Direct burials and cremations
Undertakers that specialize in direct burials and cremations can cost much less than traditional funeral homes. They may provide similar services in less fancy settings. I’ve seen one business post their price for a simple cremation on a billboard on a busy street.
Direct burials or cremations give the family the option to bypass a ceremony altogether. However, please don’t skip doing some sort of ritual to acknowledge the death. Those who have lost a loved one can really benefit from the support of their community, and that’s what funeral rituals are all about.
Local Memorial Societies and The Funeral Consumers Alliance
Local memorial societies are non-profit educational organizations that were first started in the late 1930s, in the midst of the Great Depression. This was a time when funerals were becoming increasingly expensive due to the growing use of embalming and more elaborately manufactured caskets. These organizations are dedicated to protecting a consumer’s right to choose a meaningful, dignified, affordable funeral, and they were instrumental in the growth of cremation as a disposal option.
Now affiliated with the Funeral Consumers Alliance (FCA), memorial societies help increase public awareness of funeral options, including how to care for your own dead without using a funeral home. The FCA has a motto: It always pays to plan ahead. It rarely pays to pay ahead. They offer advice, consumer news, FAQs, information on legal rights, and provide contacts for local memorial societies on their web site: www.Funerals.org.
Federal Trade Commission Information for Consumers
Jessica Mitford’s landmark 1963 book The American Way of Death directed a bright spotlight on U.S. funeral practices, illuminating how mortuaries maximized profits and maneuvered the bereaved into buying an expensive funeral.

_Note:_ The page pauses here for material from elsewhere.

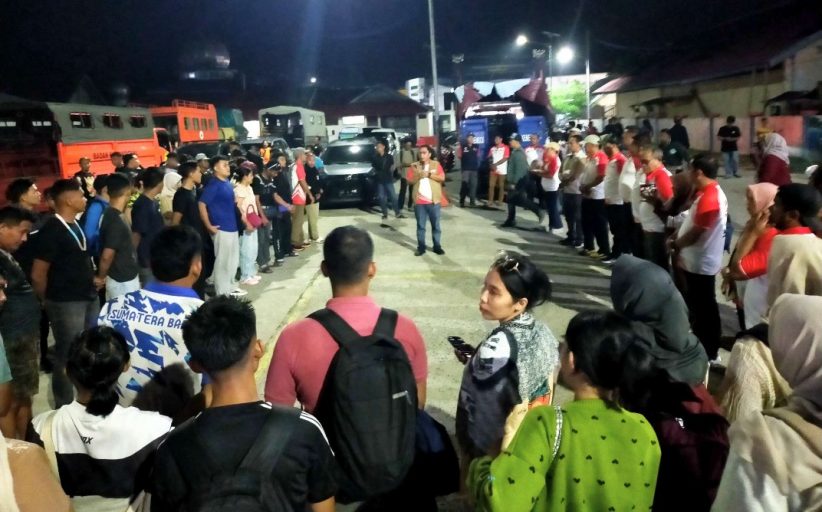 Sekda dan Forkopimda Mentawai Sambut 452 Kontingen di Pelabuhan Tuapeijat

Her exposé helped change federal law, which is called The Funeral Rule. The Federal Trade Commission (FTC) provides information about consumer rights under the Funeral Rule. It states:
- You have the right to choose only those goods and services you want (with some exceptions) and to pay only for those you select (don’t have to use “packages” of goods and services that may include items you do not want).
- The funeral provider must state this right in writing on the general price list.
- If state or local law requires you to buy any particular item, the funeral provider must disclose it on the price list, with a reference to the specific law.
- The funeral provider may not refuse, or charge a fee, to handle a casket you bought elsewhere.
- A funeral provider that offers cremations must make alternative containers available.
The FTC offers brochures and Funerals: A Consumer Guide brochure and other detailed information to help consumers make their best choices when planning for a funeral. The FTC’s web site for information regarding The Funeral Rule is: www.ftc.gov/bcp/edu/microsites/funerals/coninfo.htm.
Online Suppliers of Funeral Goods
There’s a mind-boggling array of low-cost funeral suppliers on the Internet, other than Costco.com. There are sites featuring discounted goods and services you didn’t know you needed: funeral programs, prayer cards, crucifixes, keepsake items, eco-friendly burial, pet memorialization, roadside memorial markers, etc. As always, comparison shop before you buy, and don’t always assume something you find online will be cheaper than something you can buy locally.
Reducing reception costs
The costs for a reception following the funeral or memorial service can add up, depending on what the family chooses to do. Going to a restaurant makes it easy, letting others do the serving and cleaning up, but then there is the bill to pay at the end. Holding a gathering at the home, you can serve food that has been thoughtfully provided by concerned friends and neighbors.
You can request of those who ask what they can do to help to provide specific food or drink for afterward. For example, at one memorial service I coordinated, held at a church on a Saturday afternoon, we held a reception in the social hall that featured cookies provided by attendees. The out-of-pocket expense for the reception was minimal, yet the gathering afterward provided ample time for all to speak about the deceased and comfort the bereaved.